# Action item
Below this line are records; transcribe exactly the lines between the one holding "MLS Image for" and the one holding "P2R AIRCORE 10 SP pumpa", inclusive, and omit the pictures.

# Provided records
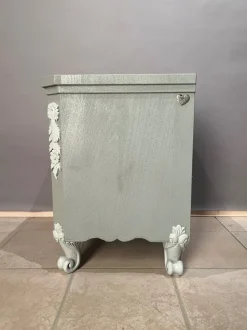 Gruppo notte Marchetti modello M4 203 ad un prezzo mai così piccolo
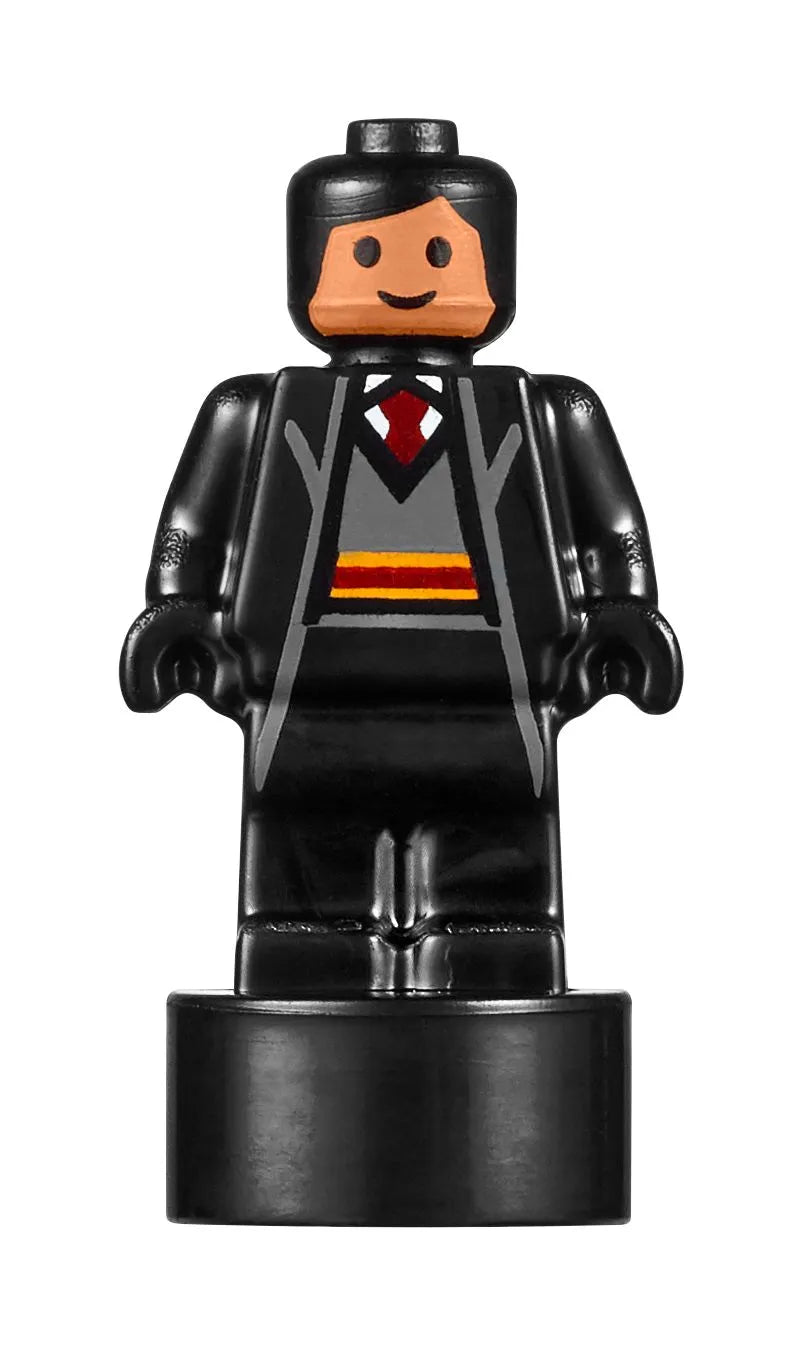 LEGO Schloss Hogwarts 71043 Harry Potter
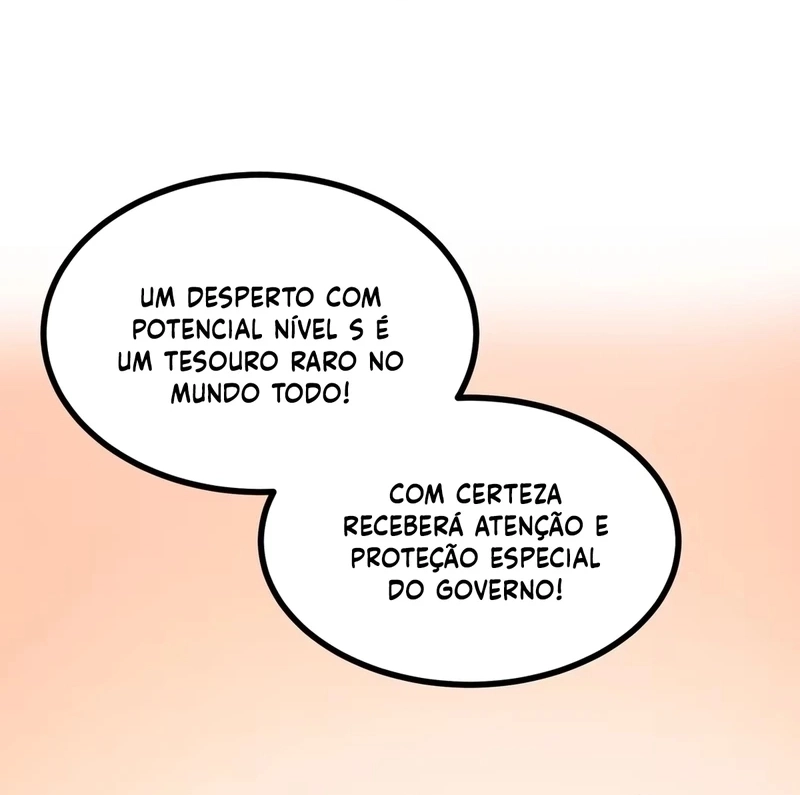 Página 95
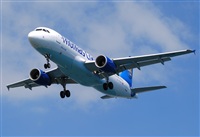 Alejandro H.L - Gran Canaria Spotters. Click to see full size photo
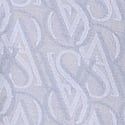 Victoria's Secret Piżama z modalu SoSoft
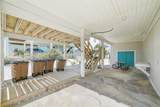 191 White Sands Dr - Photo 31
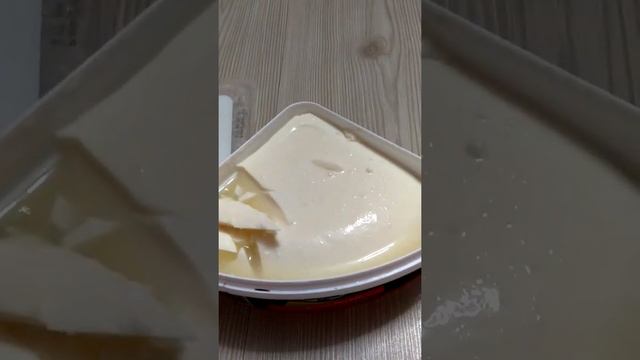 ТУРЕЦКИЙ БЕЛЫЙ СЫР.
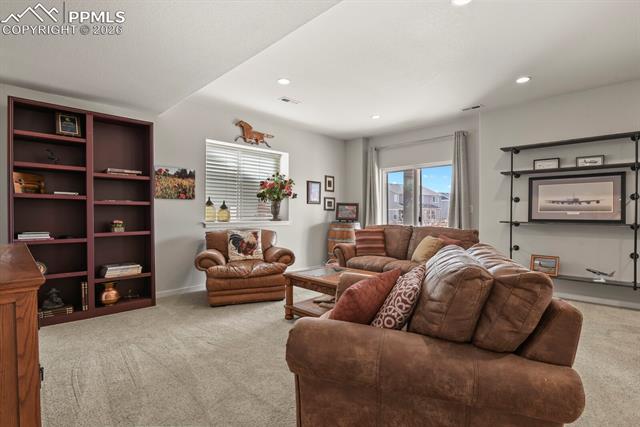 MLS Image for 15932  Lake Mist  ,Monument, Colorado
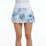FALDA DAUGA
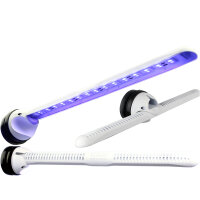 Tunze LED marine eco chic (8811.000)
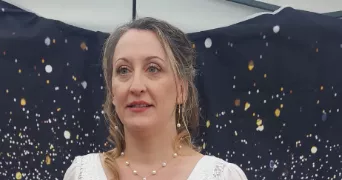 marie pet sitter à AVRILLE 49240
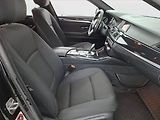 BMW Řada 5 (2014) 520d xDrive, 4X4, Automat - náhled 9
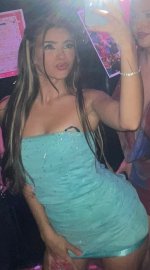 marlu-_1757874706_3721645239527052395_35774761917-e.jpg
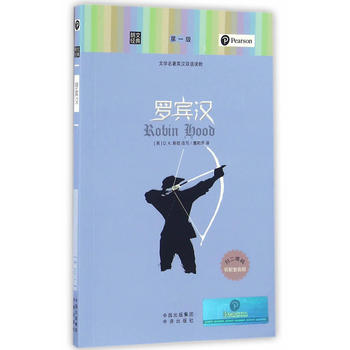 ���Ľ�(j��ng)��-�_�e�h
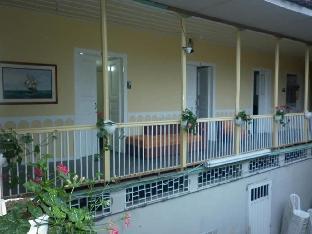 hotel santa juana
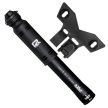 P2R AIRCORE 10 SP pumpa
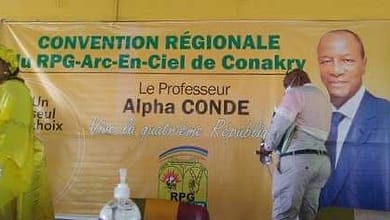 Présidentielle 2020, la messe est dite : La candidature d’Alpha Condé plébiscitée par toutes les structures de base. 1 FB IMG 1594883482365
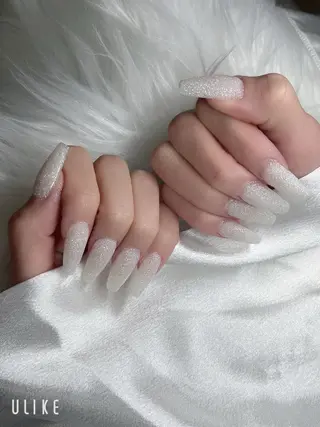 ネイル YOLO NAILのネイルデザイン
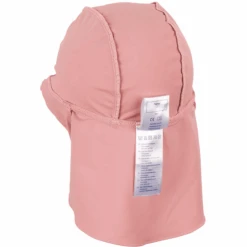 Sterntaler Peaked Cap Met Nekbeschermer Hartje Lichtroze 10 Sterntaler Peaked Cap Met Nekbeschermer Hartje Lichtroze -Sterntaler sterntaler peaked cap met nekbeschermer hartje lichtroze a408919 3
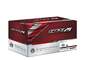 Superlonglife Olivetti B0854 Toner schwarz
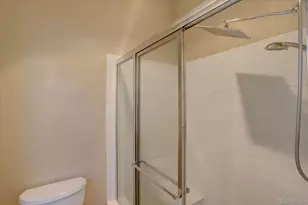 11048 Tim Tam Way, Parker, CO 80138 - Photo 21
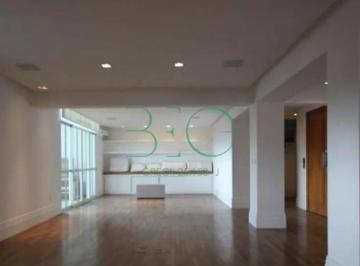Photo 1 · Apartamento com 4 dormitórios à venda, 440 m² por R$ 5.499.000 - Jardim Vitória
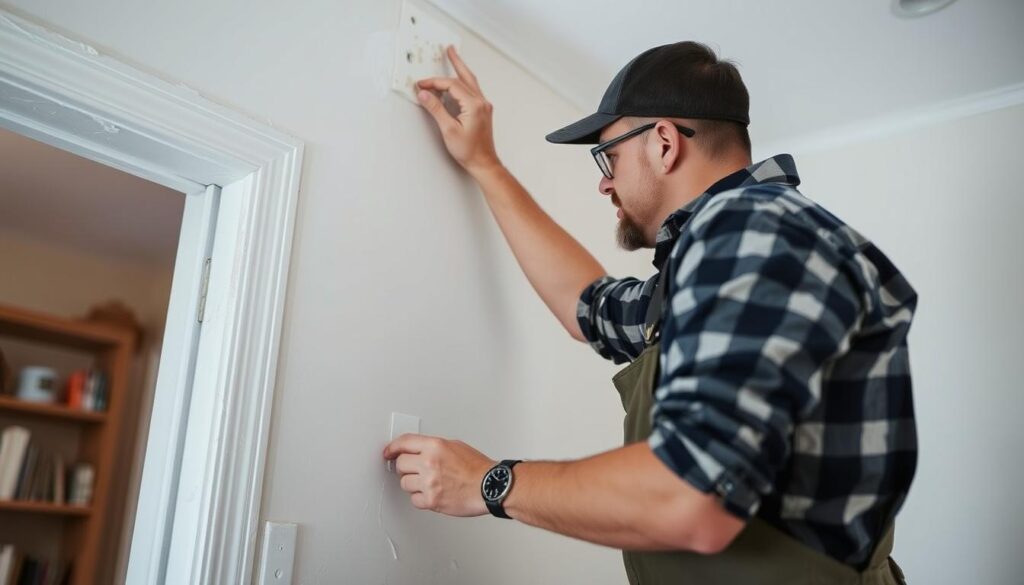 Drywall Installation Cost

# Answer to this problem
 MLS Image for 15932  Lake Mist  ,Monument, Colorado
FALDA DAUGA
 Tunze LED marine eco chic (8811.000)
 marie pet sitter à AVRILLE 49240
 BMW Řada 5 (2014) 520d xDrive, 4X4, Automat - náhled 9
 marlu-_1757874706_3721645239527052395_35774761917-e.jpg
 ���Ľ�(j��ng)��-�_�e�h
 hotel santa juana
 P2R AIRCORE 10 SP pumpa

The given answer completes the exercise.